Money and Democracy

Published — February 6, 2018

Did Donald Trump profit from his own presidential transition?

Donald Trump, then-president elect, speaks at a news conference in the lobby of Trump Tower in New York, on Jan. 11, 2017. (AP Photo/Evan Vucci)

Special interest dollars may have paid rent in Trump Tower

This article was co-published by TIME and Public Radio International.

Introduction

The Center for Public Integrity is a nonprofit newsroom that investigates betrayals of public trust. Sign up to receive our stories.

Trump for America, a nonprofit that raised millions of private dollars for Donald Trump’s presidential transition expenses, still hasn’t provided more than vague outlines of its spending and won’t say what its plans are for nearly $2 million in leftover cash.

But a Center for Public Integrity review of presidential transition and related records raises the question of whether the group used money it collected from wealthy special interests to pay Trump’s company hundreds of thousands of dollars for the transition’s use of Trump Tower in New York City.

Such an arrangement would have allowed Trump to personally profit from the initial formation of his presidential administration, ethics watchdogs point out.

Three days after Election Day 2016, a Trump presidential transition staff member emailed an official at the federal General Services Administration to float the prospect of using public money to pay for a Trump Tower lease.

“Can we get the details again of how to pay for a lease of Trump Tower in NYC? It would need to be a new contract for you guys to take over? Or could the c4 pay rent and you guys reimburse out of” $6 million in public money set aside for post-election transition expenses, asked the email, which was obtained by nonprofit watchdog group American Oversight under the Freedom of Information Act, with the sender’s name redacted. By “c4,” the writer meant Trump for America, the nonprofit group raising private money for the transition.

The General Services Administration representative who received the email forwarded it to colleagues with the added note, “Another heads up…” It’s unclear if there was a response.

Nonetheless, later that month, transition spokesman Jason Miller publicly promised no public money would be used to pay rent at Trump Tower.

Trump for America, the nonprofit, has since disclosed that it paid $258,000 in “rent and utilities” during late 2016 and early 2017, when Trump’s presidential transition took place.

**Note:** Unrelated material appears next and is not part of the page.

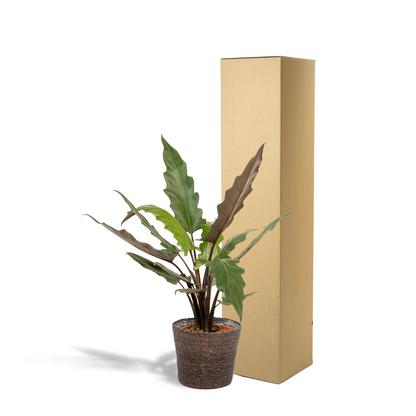Alocasia Lauterbachiana Ø19cm mit Korb Igmar – Luftreinigende Zimmerpflanze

Trump for America has not specified what property it rented, although the president-elect indeed used Trump Tower as his de facto presidential transition nerve center.

It’s unclear why the transition needed to use privately raised dollars for rent payments at all.

The memorandum of understanding Trump signed with the General Services Administration regarding the transition says that if the president-elect “requests additional space or space in a location outside Washington, D.C.,” the GSA “will attempt to obtain such space in the location requested after the election, and all associated costs will be charged to the Presidential Transition Act funds,” the public pot of money for the transition.

But General Services Administration spokeswoman Pamela Dixon recently confirmed to the Center for Public Integrity that “taxpayer money was not used to pay for rent or any sort of space at Trump Tower for the transition.”

“Is there self-dealing? And if there is, the public has the right to know,” said Steve Ellis, vice president of Taxpayers for Common Sense, a nonprofit spending watchdog based in Washington, D.C. “I understand it’s private money, but part of it is, it’s intending to influence the administration.”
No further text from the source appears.